Without this foundation we are sure to fall (1 Cor 3:10‑15). Christians are to edify (build up) one another. Notice Paul's instruction along this line even during the days of miraculous gifts (I Cor 14:12,26). The religion of excitement won't do this.

If we want to learn how to motivate Christians we should spend our time studying the methods of Jesus and the apostles rather than the line of books, tapes, videos, and seminars used to motivate sales people. When our assemblies or group meetings sound more like a pep rally for a ball game, or for a sales promotion, than an opportunity to praise God and study His word, we need to become concerned. The narcotic of activism may be lulling us to sleep.

2. Humor. Humor is an interesting and worthwhile human activity. It often occurs naturally or spontaneously when we least expect it. it might be during the Lord's Supper, like when the child standing in the pew beside his mother exclaims aloud, "Wow, I could have had a V‑8!" That's one thing! But intentionally to try to make things funny in order to keep a group excited is improper. A friend told me of visiting a congregation where nearly everyone who took part in the public service began with something "cute" ‑ This, I think, is inappropriate.

3. Physical Contact. Some churches fall into the habit of stressing physical contact. Leaders sometime teach this by their example. Saints greet one another with a hug because we are the "family" of God and are supposed to love one another.

In New Testament times, the kiss was a typical form of greeting, even as it still is in the Middle East today. Christians were exhorted to salute one another with a "holy" kiss (Rom 16:16).  There is nothing wrong with a warm, fervent greeting, per se. We must not make the mistake of assuming that this proves that we "love" one another. Love (Greek: agape) is best expressed by deeds of kindness done for those in need. Christian men and women need to be careful how they embrace one another. Emotions are stirred easily, especially in young men. The attitude can be developed which thinks that others who do not show their love in the same way are not spiritually‑minded Christians.

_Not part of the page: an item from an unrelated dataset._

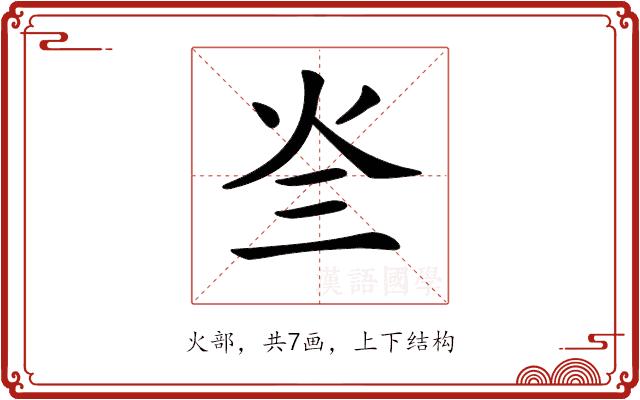 𤆜的部首图片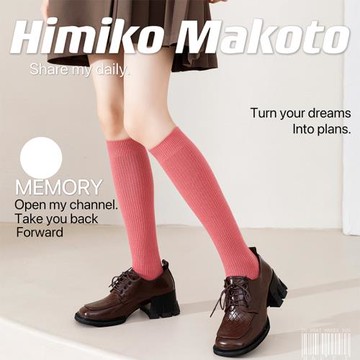 2雙裝ins雙針純棉咖啡色小腿襪日系jk洛麗塔學院風長黑白襪子女秋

Conclusion:  When the seventy disciples returned from their first mission, they rejoiced because of the miraculous power they had seen demonstrated even at their own hands. Jesus said, "Nevertheless do not rejoice in this, that the spirits are subject to you, but rejoice that your names are recorded in heaven" (Luke 10:20). Their emotions led them in the wrong direction. Our past criticism of the denominational emphasis on emotion has been proper. Now we should examine ourselves to see whether our emotions are balanced with fact and reason. My observation has been that churches which go wild over excitement are just waiting for the fall. Another writer has somewhere pointed out that mushrooms grow overnight, but it takes longer to grow an oak.